RECORDS PROVIDED ::
=== Begin Enclosure ===

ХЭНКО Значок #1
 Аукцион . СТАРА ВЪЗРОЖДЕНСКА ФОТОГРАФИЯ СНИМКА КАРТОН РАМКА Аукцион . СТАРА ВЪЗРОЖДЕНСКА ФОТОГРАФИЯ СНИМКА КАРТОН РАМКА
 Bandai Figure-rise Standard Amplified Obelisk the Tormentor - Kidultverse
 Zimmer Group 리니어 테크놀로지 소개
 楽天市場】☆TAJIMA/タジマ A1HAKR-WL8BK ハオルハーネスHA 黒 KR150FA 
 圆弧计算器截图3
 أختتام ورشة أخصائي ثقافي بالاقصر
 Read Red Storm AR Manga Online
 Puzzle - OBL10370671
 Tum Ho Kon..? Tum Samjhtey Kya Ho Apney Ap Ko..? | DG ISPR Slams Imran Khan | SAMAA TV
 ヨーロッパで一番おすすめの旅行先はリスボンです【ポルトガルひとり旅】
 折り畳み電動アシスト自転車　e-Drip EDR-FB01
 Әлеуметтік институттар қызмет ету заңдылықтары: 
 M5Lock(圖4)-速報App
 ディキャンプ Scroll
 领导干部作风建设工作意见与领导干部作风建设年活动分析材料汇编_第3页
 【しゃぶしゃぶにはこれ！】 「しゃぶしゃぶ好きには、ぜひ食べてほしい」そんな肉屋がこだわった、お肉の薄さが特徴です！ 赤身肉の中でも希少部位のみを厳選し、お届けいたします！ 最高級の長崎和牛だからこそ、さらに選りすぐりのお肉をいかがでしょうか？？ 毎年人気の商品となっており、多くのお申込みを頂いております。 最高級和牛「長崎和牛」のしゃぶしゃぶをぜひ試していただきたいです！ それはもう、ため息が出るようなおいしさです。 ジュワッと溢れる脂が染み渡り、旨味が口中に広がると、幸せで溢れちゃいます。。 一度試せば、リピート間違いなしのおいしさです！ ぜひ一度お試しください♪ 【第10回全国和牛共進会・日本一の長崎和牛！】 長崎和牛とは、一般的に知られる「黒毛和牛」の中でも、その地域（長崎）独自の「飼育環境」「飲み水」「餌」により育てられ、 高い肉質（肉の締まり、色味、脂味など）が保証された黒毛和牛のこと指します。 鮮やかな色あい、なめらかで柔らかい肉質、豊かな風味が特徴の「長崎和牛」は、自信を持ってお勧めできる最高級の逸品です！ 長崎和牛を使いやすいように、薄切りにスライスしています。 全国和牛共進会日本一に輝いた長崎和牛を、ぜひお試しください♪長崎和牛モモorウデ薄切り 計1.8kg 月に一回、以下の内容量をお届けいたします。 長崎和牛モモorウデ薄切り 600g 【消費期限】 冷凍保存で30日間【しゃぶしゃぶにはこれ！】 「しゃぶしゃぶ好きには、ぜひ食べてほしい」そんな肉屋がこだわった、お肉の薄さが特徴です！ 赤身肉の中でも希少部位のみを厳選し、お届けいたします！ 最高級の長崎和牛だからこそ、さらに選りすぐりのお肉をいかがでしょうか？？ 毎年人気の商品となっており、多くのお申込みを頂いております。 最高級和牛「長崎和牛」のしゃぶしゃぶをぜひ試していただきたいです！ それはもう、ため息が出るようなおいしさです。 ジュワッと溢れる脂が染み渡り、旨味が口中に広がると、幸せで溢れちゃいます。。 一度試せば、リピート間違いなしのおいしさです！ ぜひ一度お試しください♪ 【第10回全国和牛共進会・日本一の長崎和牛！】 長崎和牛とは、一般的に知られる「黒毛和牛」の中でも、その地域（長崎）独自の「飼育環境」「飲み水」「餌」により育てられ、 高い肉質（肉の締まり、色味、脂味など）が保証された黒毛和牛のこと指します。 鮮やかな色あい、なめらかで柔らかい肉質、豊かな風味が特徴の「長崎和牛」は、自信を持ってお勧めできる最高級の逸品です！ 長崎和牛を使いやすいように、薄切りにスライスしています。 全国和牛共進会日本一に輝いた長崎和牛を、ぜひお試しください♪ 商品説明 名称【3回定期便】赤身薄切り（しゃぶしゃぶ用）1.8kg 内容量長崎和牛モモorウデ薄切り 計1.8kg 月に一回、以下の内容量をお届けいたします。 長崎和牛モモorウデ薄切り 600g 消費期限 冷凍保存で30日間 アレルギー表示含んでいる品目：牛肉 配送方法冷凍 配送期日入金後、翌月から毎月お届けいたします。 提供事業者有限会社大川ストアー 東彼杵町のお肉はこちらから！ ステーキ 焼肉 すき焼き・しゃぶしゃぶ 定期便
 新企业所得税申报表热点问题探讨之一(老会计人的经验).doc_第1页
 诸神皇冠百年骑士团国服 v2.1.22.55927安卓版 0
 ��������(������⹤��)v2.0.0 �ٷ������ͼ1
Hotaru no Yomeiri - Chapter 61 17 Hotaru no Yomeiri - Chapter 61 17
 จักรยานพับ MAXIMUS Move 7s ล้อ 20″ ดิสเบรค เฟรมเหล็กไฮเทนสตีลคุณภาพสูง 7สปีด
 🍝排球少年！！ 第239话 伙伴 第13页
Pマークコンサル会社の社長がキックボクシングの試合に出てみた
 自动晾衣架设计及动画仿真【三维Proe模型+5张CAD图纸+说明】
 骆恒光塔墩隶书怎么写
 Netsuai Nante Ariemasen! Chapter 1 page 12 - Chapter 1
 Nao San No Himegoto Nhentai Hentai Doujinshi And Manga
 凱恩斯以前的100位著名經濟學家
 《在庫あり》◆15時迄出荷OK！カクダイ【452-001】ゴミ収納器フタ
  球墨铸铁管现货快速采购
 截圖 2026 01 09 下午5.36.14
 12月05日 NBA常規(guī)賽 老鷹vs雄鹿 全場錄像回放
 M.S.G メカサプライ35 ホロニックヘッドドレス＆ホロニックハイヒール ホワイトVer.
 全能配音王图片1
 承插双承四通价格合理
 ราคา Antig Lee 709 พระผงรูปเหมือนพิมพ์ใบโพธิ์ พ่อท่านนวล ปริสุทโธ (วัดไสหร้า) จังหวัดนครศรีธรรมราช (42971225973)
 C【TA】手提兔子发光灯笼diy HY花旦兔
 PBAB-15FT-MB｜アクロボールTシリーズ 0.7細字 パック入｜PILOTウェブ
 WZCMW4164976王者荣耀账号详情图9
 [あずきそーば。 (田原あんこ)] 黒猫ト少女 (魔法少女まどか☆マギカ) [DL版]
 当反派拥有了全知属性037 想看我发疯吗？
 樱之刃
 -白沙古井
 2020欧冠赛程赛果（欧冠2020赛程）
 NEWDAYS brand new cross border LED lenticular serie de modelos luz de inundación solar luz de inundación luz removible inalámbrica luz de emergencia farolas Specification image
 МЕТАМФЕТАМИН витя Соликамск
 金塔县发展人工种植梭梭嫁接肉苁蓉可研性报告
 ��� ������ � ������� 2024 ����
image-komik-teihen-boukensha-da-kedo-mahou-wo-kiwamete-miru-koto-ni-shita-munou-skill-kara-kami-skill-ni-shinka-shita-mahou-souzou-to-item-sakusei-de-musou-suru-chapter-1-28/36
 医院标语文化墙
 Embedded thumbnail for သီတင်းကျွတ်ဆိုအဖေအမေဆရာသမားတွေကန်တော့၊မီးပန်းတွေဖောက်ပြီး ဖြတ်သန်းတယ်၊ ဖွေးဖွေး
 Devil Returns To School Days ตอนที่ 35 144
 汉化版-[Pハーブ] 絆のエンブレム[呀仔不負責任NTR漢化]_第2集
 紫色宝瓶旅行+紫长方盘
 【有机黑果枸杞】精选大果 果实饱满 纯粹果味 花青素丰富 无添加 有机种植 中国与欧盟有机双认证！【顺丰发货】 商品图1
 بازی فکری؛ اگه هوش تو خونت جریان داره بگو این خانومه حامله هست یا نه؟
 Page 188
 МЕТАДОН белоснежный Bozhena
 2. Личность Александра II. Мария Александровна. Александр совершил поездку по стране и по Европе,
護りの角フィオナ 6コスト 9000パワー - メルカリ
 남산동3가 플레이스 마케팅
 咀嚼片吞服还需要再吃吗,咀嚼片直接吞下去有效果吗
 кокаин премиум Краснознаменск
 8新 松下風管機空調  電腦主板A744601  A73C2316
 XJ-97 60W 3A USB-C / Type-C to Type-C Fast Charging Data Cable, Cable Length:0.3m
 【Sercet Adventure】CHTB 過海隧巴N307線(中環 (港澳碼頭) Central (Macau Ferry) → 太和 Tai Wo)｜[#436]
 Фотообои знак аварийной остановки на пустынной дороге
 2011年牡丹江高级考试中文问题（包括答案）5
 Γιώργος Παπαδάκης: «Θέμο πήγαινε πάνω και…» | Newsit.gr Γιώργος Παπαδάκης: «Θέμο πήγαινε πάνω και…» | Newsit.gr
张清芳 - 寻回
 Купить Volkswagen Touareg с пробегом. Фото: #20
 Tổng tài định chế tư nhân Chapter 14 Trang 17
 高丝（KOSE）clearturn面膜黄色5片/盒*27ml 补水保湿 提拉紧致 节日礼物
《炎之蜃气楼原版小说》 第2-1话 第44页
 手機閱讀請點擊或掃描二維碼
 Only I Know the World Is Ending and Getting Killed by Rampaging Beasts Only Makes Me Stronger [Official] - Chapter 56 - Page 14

=== End Enclosure ===

PROBLEM REQUIREMENTS ::
Say how many lines in the records hold the string "image". Give no other words.

COMPLETED EXERCISE ::
2